Gleefully, the circle ripples with a string of shouted Shakespeare, mostly of the profane or accidentally profane variety.

“Help, ho!”

“Strumpet, I come!”

“Villainous whore!”

“This is my butt!”

“He says he will return incontinent!”

“Hot, hot, and moist!”

“Pish!”

“Holla!”

“O BLOODY PERIOD!” (That’s a cast favorite, and such a reliable giggle trigger that Wanda has wisely cut it from the actual performance.)

Daylily, humorlessly: “Come, how wouldst thou praise me?”

Bottom, gazing at her: “If heaven would make me such another world / Of one entire and perfect chrysolite, / I’d not have sold her for it.”

Juniper: “No, I will speak as liberal as the north!”

F: “I LAY WITH CASSIO LATELY!”

N: “It doth abuse your bosom!”

Christopher: “My leg is cut in two!”

Theo: “And will as tenderly be led by the nose / As asses are!”

With that, we come full circle.

“Let’s all join hands,” says Wanda.

We all join hands—hot, hot, and moist indeed.

Wanda’s voice hushes to a near-whisper. “The hour is upon us,” she says. “We’re about to achieve something special. Something extraordinary. I don’t say this every year, but I truly believe it now: this is going to be the best production in the history of Idlewild.”

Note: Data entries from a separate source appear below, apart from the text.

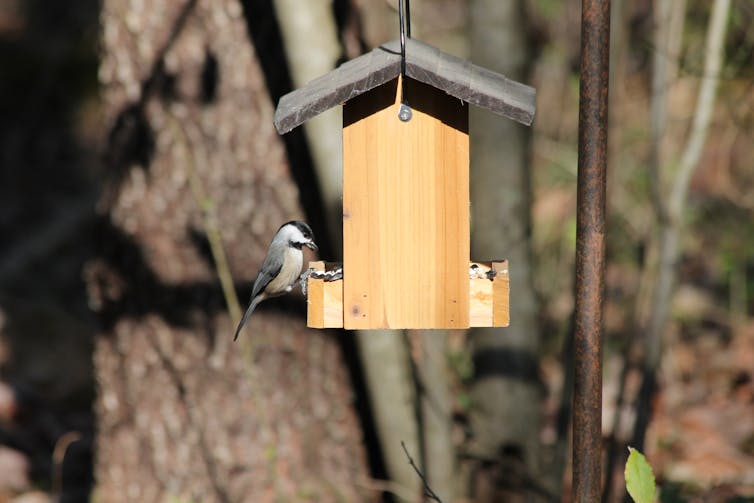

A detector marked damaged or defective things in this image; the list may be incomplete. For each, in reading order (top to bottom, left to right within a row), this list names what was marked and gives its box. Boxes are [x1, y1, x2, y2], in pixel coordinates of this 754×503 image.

rusty metal pole [572, 0, 608, 500] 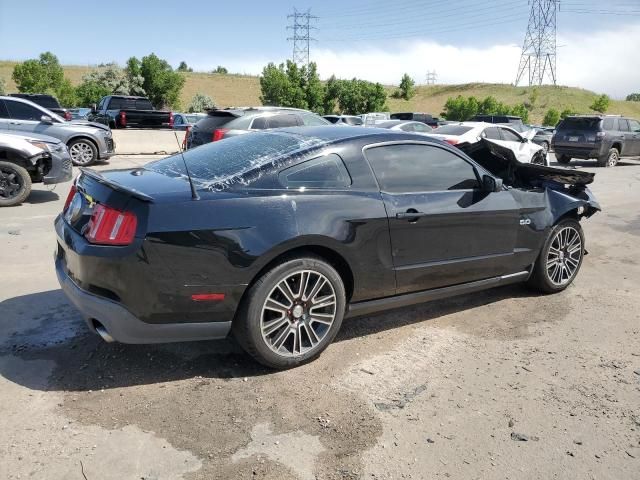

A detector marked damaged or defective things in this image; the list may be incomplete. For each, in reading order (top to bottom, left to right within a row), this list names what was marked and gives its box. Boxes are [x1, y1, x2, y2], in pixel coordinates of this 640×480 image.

damaged front end [460, 139, 600, 221] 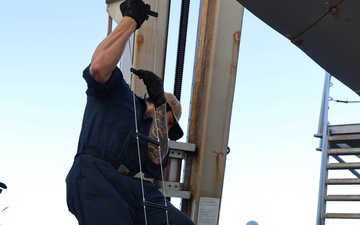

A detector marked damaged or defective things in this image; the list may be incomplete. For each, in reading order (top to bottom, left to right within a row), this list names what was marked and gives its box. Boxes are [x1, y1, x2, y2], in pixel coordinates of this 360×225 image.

rusty metal surface [236, 0, 360, 94] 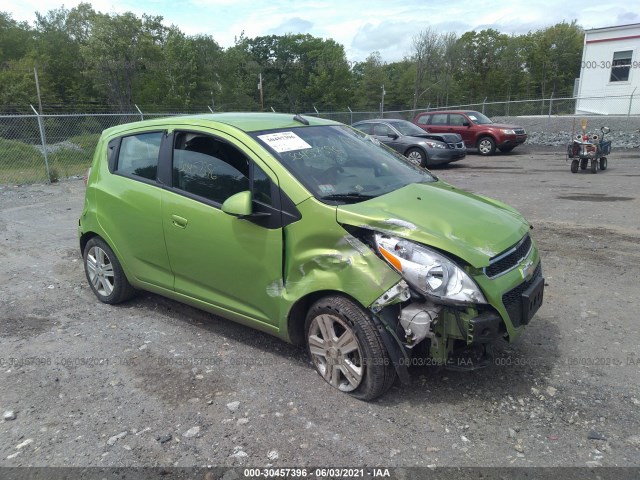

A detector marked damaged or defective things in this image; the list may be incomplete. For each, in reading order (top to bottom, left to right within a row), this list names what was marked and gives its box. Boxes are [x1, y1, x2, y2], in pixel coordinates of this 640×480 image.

damaged green hatchback [77, 111, 544, 398]
broken headlight [376, 234, 484, 306] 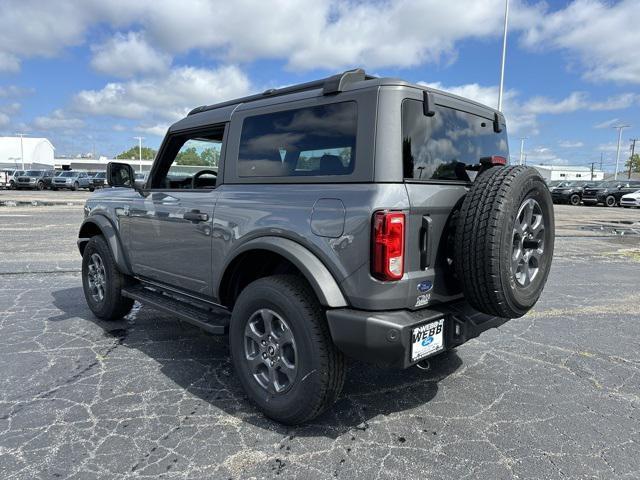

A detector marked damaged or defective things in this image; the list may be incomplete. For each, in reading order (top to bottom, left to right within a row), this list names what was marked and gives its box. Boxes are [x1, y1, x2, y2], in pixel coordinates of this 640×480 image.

cracked pavement [0, 202, 636, 476] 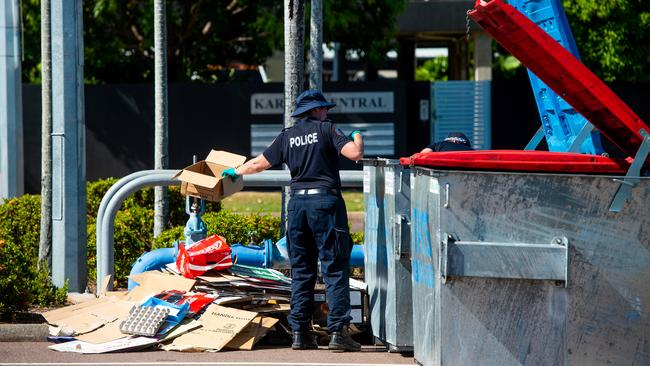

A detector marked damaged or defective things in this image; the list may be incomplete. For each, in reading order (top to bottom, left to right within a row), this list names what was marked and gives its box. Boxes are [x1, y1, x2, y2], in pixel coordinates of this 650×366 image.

torn packaging [172, 151, 246, 203] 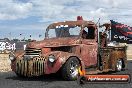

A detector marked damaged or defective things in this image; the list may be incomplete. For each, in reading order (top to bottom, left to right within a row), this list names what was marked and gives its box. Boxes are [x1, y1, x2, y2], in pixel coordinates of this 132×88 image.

rusty vintage truck [9, 16, 127, 80] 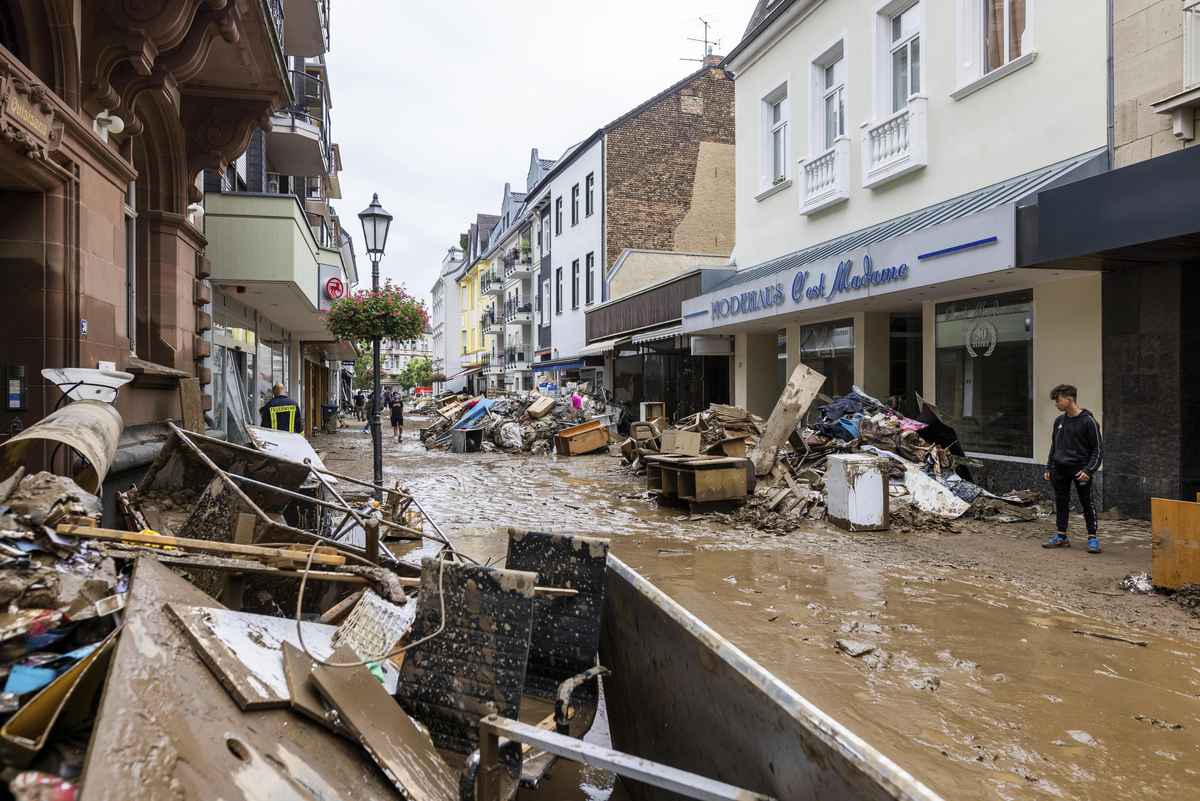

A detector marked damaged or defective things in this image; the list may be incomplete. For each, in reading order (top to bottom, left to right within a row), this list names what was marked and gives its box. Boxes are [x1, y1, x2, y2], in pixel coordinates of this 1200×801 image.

broken furniture [552, 419, 609, 455]
broken furniture [648, 455, 748, 506]
broken furniture [825, 455, 892, 532]
broken furniture [1142, 501, 1200, 587] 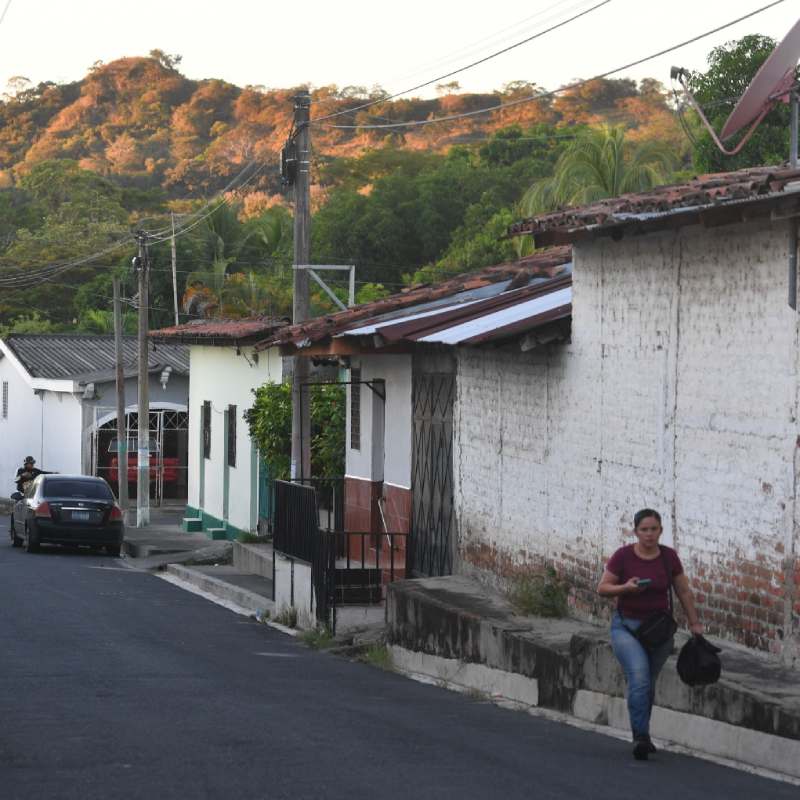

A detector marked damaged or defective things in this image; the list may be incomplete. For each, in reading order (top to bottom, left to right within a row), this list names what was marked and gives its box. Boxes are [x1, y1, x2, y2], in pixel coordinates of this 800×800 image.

Chills run through our costumed bodies. We believe it too.

“Let’s have a quick silence,” says Wanda. “I’ll pass round a squeeze.”

We close our eyes and wait. The squeeze comes to the F&N unit through Juniper, who squeezes the left hand of F, who squeezes the right hand of N, who squeezes the left hand of Christopher. In the ripe, humid silence, we imagine Christopher passing the squeeze to Theo. We imagine Theo kissing Christopher, Iago kissing Cassio, Othello kissing Iago, girls becoming boys who kiss boys who look like girls. We imagine how much the crowd is going to love us out there. We imagine how good we’re about to be.